Not bad, personally they are not what I prefer (I've shot plenty of Glocks but am more profecient with other firearms) but my wife likes her G19. We keep a 33rd mag in the glove box of each car loaded up. The thing about car guns, is that if you ever have to deploy one from a car, you may have to grab only the gun etc if you don't have things packaged right. If you end up using that gun while moving in a car, how well can you relload while driving etc. More rounds in the gun is always good. The G19/23 isn't all that much bigger than the G30 so you're not loosing much in terms of concealment options with the mid-size guns.


----------



## Jord516 (Sep 12, 2011)

Thanks Nukehayes.

1jimmy-I understand your issues with the trigger pull on carry gun. However when finding a gun to put in your pocket, front or back, the LCP is the only thing out that shoots that well that is that small. The trigger pull sucks yes but its not meant to be enjoyable its meant to save your life, in that situation I guarantee you with adrenaline I will hit what I am looking/aiming at and never notice the trigger pull. For size you cannot beat it, with good ammo if I need more than seven rounds it was probably my time to go anyways, haha.

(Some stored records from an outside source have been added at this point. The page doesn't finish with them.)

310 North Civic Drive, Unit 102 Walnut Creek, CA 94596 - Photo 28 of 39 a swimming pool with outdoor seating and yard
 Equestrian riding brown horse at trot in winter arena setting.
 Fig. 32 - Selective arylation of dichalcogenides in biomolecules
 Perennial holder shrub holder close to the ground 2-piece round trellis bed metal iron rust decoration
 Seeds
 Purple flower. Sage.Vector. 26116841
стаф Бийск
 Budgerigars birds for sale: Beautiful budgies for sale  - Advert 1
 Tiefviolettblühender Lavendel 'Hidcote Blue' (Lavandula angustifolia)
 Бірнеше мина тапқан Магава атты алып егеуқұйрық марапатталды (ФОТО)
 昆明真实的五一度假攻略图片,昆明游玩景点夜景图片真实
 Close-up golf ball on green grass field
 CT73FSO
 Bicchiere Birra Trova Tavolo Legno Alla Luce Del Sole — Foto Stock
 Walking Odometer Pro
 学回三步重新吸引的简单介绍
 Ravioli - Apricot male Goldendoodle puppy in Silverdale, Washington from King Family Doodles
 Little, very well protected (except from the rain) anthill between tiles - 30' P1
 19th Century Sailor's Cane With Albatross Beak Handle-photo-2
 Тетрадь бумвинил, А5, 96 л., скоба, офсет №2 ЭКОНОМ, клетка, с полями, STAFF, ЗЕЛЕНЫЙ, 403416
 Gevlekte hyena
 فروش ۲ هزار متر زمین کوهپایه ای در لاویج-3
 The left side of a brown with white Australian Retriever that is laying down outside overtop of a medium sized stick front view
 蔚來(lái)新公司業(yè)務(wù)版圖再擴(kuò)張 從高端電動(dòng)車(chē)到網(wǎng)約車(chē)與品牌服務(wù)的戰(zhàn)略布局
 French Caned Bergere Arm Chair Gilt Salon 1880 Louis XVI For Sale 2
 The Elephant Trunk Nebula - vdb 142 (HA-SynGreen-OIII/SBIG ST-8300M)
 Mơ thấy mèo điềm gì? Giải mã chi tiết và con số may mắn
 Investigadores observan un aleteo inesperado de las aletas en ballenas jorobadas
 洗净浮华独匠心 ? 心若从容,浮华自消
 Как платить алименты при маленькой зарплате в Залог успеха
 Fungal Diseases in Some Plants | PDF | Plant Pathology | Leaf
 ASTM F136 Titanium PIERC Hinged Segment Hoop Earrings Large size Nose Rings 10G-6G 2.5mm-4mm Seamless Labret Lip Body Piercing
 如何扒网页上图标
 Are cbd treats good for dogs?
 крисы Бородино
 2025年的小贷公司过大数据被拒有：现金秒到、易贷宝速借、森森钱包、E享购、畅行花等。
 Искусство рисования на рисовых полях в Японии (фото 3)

VAMarine-I agree, no DAO will ever shoot as good as my SIG's or Colts, etc... But when you weigh in cost, the Glock may be the winner. Interesting thought about having the loaded up mags in, I would hope you never need 33 rounds to save your life. The Glock 23 has my vote right now.


----------



## VAMarine (Dec 25, 2008)

Jord516 said:


> Thanks Nukehayes.
> 
> 1jimmy-I understand your issues with the trigger pull on carry gun. However when finding a gun to put in your pocket, front or back, the LCP is the only thing out that shoots that well that is that small. The trigger pull sucks yes but its not meant to be enjoyable its meant to save your life, in that situation I guarantee you with adrenaline I will hit what I am looking/aiming at and never notice the trigger pull. For size you cannot beat it, with good ammo if I need more than seven rounds it was probably my time to go anyways, haha.
> 
> *VAMarine-I agree, no DAO will ever shoot as good as my SIG's or Colts, etc... But when you weigh in cost, the Glock may be the winner. Interesting thought about having the loaded up mags in, I would hope you never need 33 rounds to save your life. The Glock 23 has my vote right now*.


Well where we live there's a lot of empty space and 9-1-1 response can be pretty slow and on a good stretch of highway, a 33rd mag of 9mm NATO can be handy thing if stuff happens.


----------